Somit kann, unter diesem Gesichtspunkt betrachtet, die Investition in eine VR-Brille als Investition in die eigene Lebensqualität angesehen werden. Sei es die zukünftige Nutzung des Internets oder das simple Spielen eines Spiels in der virtuellen Realität – der Mensch lernt niemals aus und kann dank dem Erlebnis virtuelle Realität neue Erfahrungen machen, von denen vorherige Generationen nicht einmal zu träumen wagten. Der Nutzer muss hierfür lediglich die Oculus Rift kaufen und das Tor zu einer vollständig neuen Dimension des Gamings aufstossen, so dass die Oculus Rift Release als Startschuss eines vollständig neuen Zeitalters angesehen werden.
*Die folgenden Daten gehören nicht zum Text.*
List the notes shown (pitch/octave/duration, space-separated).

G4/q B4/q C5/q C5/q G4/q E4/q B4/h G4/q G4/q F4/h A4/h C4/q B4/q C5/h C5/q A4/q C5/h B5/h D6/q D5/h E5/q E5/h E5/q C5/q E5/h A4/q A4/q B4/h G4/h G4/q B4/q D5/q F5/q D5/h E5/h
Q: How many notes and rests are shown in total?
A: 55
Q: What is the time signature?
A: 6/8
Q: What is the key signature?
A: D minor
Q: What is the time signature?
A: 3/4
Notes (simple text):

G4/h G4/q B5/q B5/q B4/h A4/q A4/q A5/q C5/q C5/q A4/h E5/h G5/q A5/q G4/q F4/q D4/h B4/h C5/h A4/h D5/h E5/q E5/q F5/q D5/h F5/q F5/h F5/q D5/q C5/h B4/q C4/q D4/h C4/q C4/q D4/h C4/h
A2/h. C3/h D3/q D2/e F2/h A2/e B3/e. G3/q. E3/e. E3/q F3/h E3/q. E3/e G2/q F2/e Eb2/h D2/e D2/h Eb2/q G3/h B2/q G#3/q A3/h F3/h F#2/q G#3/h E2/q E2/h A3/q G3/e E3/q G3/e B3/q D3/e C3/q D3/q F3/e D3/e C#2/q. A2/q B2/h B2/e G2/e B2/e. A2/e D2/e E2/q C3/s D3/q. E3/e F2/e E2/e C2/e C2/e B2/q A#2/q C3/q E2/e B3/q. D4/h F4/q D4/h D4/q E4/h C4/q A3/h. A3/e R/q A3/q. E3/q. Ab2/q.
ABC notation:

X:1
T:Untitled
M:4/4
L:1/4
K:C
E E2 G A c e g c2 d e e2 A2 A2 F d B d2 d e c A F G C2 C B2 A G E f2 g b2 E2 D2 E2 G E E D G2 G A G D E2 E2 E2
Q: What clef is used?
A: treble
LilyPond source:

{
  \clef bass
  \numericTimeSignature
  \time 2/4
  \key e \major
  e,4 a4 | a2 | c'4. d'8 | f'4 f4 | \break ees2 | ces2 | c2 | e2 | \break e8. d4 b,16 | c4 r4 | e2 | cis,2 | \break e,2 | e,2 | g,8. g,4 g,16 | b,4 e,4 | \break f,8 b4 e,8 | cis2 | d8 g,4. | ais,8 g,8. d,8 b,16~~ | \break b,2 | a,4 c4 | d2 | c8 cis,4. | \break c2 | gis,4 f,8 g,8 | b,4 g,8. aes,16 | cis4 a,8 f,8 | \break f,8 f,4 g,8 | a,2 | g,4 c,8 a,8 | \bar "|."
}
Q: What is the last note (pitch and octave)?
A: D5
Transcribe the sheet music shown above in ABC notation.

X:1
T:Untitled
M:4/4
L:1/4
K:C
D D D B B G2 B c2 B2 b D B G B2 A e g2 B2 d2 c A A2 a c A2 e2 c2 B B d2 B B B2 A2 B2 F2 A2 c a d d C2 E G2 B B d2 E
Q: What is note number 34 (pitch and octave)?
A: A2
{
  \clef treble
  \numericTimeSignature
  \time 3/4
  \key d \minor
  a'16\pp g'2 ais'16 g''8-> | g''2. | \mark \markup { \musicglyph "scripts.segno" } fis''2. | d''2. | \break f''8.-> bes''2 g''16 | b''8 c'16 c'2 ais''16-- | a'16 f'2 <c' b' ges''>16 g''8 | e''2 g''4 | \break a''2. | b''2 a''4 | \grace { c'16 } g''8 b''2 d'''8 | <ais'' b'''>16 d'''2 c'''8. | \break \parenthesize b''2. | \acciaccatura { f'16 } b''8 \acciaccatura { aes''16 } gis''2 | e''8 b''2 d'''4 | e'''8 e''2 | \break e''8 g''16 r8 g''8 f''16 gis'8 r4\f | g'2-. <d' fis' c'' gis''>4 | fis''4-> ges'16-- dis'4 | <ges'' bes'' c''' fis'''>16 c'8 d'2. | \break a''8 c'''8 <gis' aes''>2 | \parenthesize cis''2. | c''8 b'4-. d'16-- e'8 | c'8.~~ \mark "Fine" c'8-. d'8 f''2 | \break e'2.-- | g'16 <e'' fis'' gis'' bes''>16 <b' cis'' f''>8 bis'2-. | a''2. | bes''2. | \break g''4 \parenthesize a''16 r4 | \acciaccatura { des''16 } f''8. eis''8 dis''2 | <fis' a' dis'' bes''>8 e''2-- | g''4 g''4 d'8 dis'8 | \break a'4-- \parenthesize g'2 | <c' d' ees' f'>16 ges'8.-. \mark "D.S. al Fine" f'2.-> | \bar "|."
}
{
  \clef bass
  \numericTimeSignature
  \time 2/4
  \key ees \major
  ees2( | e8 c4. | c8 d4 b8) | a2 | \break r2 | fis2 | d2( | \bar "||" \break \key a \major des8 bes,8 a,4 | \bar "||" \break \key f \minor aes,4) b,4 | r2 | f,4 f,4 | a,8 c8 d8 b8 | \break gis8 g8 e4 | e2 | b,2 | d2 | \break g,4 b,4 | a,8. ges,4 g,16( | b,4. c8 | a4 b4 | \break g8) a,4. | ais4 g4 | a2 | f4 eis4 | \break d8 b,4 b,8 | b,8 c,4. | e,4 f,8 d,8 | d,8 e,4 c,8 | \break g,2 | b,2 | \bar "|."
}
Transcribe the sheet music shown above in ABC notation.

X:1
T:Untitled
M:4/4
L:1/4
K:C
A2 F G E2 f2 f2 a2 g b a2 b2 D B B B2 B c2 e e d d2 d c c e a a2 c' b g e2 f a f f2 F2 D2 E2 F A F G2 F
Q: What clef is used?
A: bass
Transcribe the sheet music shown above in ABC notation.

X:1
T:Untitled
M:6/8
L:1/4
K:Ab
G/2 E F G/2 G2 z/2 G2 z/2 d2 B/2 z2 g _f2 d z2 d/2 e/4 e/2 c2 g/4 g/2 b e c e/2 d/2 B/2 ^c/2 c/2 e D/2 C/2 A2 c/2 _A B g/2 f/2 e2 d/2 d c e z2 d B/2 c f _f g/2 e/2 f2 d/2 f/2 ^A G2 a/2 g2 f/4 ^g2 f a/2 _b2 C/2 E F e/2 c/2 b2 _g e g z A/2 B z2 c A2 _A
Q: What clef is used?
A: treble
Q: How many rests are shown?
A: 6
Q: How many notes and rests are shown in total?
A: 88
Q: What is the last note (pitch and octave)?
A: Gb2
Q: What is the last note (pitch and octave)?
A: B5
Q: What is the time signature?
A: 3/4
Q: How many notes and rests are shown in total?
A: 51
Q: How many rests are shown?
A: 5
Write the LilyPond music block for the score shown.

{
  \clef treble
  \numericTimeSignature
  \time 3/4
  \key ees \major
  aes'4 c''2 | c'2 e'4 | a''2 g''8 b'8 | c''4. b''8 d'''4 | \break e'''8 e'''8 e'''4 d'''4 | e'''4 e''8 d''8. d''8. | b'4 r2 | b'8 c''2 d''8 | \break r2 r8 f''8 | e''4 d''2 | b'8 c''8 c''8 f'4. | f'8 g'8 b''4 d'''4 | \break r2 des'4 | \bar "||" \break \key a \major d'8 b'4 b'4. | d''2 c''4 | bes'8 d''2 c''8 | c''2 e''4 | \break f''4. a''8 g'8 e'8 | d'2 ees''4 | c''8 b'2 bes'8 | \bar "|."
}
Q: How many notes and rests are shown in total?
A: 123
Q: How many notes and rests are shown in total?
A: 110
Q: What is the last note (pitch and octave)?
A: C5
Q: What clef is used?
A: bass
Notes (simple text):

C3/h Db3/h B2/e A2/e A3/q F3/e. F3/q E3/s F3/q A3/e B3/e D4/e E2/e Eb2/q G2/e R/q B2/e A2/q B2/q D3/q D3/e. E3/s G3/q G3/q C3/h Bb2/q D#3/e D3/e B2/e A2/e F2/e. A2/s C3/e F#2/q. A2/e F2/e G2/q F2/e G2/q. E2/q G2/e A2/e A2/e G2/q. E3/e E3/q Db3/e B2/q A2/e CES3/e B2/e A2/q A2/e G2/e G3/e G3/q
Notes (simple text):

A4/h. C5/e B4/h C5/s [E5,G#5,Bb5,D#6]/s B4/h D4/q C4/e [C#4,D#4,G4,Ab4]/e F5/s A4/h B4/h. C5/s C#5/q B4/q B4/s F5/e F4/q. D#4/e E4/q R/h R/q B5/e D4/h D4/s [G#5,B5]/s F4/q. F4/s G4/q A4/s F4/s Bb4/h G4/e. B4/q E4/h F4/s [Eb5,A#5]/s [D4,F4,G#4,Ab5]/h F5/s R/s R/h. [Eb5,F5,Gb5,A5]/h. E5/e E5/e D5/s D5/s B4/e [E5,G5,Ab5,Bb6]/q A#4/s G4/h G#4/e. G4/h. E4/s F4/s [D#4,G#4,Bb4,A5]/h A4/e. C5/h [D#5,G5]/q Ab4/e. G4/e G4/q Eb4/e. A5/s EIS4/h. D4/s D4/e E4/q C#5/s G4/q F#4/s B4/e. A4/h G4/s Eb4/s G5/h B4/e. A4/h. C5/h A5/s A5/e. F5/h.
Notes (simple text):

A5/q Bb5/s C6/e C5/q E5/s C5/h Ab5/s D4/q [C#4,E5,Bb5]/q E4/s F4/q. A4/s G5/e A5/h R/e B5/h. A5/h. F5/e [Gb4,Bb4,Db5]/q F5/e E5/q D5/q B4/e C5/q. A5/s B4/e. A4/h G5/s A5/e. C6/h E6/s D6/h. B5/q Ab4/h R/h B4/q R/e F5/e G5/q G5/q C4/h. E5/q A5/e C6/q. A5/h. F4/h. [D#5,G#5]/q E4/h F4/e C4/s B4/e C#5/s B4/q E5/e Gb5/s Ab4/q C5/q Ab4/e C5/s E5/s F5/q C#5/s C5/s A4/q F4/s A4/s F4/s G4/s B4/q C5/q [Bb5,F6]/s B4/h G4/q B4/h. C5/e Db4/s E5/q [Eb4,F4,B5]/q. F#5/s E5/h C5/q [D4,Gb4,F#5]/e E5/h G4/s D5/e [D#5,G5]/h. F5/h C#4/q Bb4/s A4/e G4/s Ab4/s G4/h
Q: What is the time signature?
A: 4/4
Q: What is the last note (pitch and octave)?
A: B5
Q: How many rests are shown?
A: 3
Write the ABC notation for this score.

Wer die Oculus Rift kaufen möchte, der ist lediglich einen Mausklick davon entfernt, als mutiger und unerschrockener Technik-Pionier die neue Welt virtuelle Realität zu betreten und dort mit den stetig auftretenden neuen Herausforderungen über sich hinauszuwachsen. Von der Formel-1-Karriere über den mutigen Überlebenden in der schier ausweglosen Situation der zerstörten Raumstation bis hin zum Bezwinger des virtuellen Berges – alle Möglichkeiten stehen offen, sofern der eigene Computer dem Nutzer die Grenzen nicht aufzeigt. Wie dereinst Captain Kirk auf der Enterprise so schön sagte „dorthin zu gehen, wo noch niemals zu vor ein Mensch zuvor gewesen ist“ sollte der Pioniersgeist des Gamers nicht an einen einzigen Preis für den Kauf der Oculus Rift festgemacht werden, vielmehr handelt es sich um eine Investition, die sich garantiert lohnt und die einen Weg eröffnet, der noch lange auf absehbare Zeit nicht zu Ende ist.

Jeder Weg beginnt stets mit dem ersten Schritt und dieser ist, im Fall der neuen Technologie VR-Brille, sehr einfach durchgeführt. Der Nutzer muss lediglich die Oculus Rift kaufen und kann sich gänzlich auf die unbekannte Reise in Welten begeben, die sowohl faszinieren als auch sprachlos stimmen werden. Allein dieses Staunen ist an sich bereits unbezahlbar und wer sich noch in jungen Lebensjahren befindet, der kann seinen Kindern später einmal erzählen, dass er dabei war, als die neue Technologie Einzug in die privaten Haushalte hielt und dem Gamer ein gänzliches neues Zeitalter des Spielens und Entdeckens eröffnete. Allein hierfür lohnt der Kauf bereits, doch es gibt unter Garantie noch eine unglaubliche Vielzahl an Dingen zu entdecken. Mit der Brille von Oculus kann jeder zu einem Entdecker werden, ohne dabei die eigenen vier Wände verlassen zu müssen.